It has been 10 days since I wrote English diary last time. Stone's fever faded long ago but something much more serious happened. I don't know how to face this dramatic change but the result has already been written: ZHUA is dying because her cancer has deteriorated and spread everywhere.
I've been bathed in tears since I heard about it last week. As ZHUA had intended to go back home to her hometown Fuzhou, meanwhile, there was an outbreak of Delta variant in Fujian province, I was afraid that I would not be able to see her before the end. Therefore I came to Hangzhou again. Now I'm sitting in a hostel not far away from her rented flat, typing all these words with tears.
It happened too fast. Not only me, my other friends and relatives who know the story of ZHUA all thought that she had avoided the worst result and had restored to health, but we were wrong. The hidden cunning cancer cells are bursting all the time. When ZHUA felt abdominal distension, it was too late. She had exerted herself. There is nothing left she could do except accept. So do us.
D717, I will never forget the number of the train. A whole year ago on September 15th, I went to Hangzhou by D717, and last night which was September 17th, once again by D717, I left Beijing to visit ZHUA in Hangzhou.
I bought the soft sleeper ticket and thought it would be more comfortable.
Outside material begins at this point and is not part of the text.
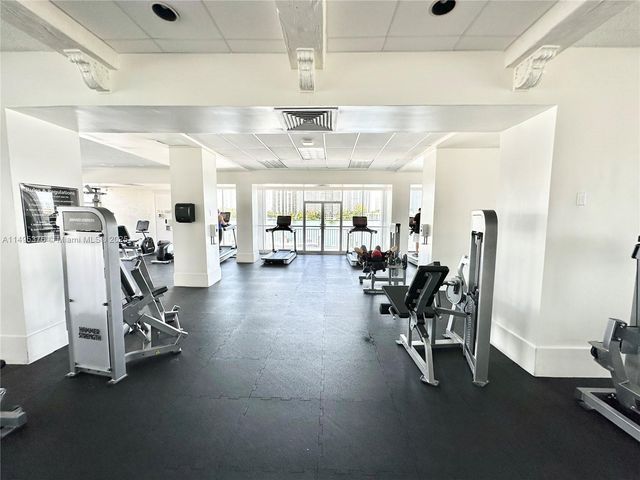 18041 Biscayne Boulv 502, Aventura, FL 33160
But the old man in the same compartment farted freely and the other man ate snacks when it was already one o'clock in the morning. Even if there was no one in the same compartment, I thought I would not be able to have a sound sleep, though I told myself that I was just coming to enjoy a mid-autumn holiday with ZHUA. Just as I mounted on the upper bed, my tears poured down and made my mask wet. I could not resist to recall the days we were together. I really don't know how would I tolerant a world without her.
I met ZHUA and her parents finally at launch today. It was a bit weird because I thought there would be only ZHUA and Dazhan, but there were a lot of others, for example ZHUA's parents, Dazhan's husband and younger daughter, and there were a man and a woman who were friends of Dazhan couple but were totally unknown for me. The atmosphere seemed easy, everyone behaved like nothing had happened though we all know what we would face in recent future. ZHUA talked and laughed as usual, but she ate very little and she was clearly thinner than last year. I can't conceive that she could be even thinner. She must feel exhausted after the dinner, for she squatted on her heels while we were waiting for the car on parking lot.
I hadn't known that today was Dazhan's birthday until she told me at launch. I prepared some toys and candies only for her daughters. She was wearing overkill makeup as before, I could not read any sad information on her face. Yet, her husband told me that she had cried for a whole week at home.
What can we do? Why we have to face this at such a young age?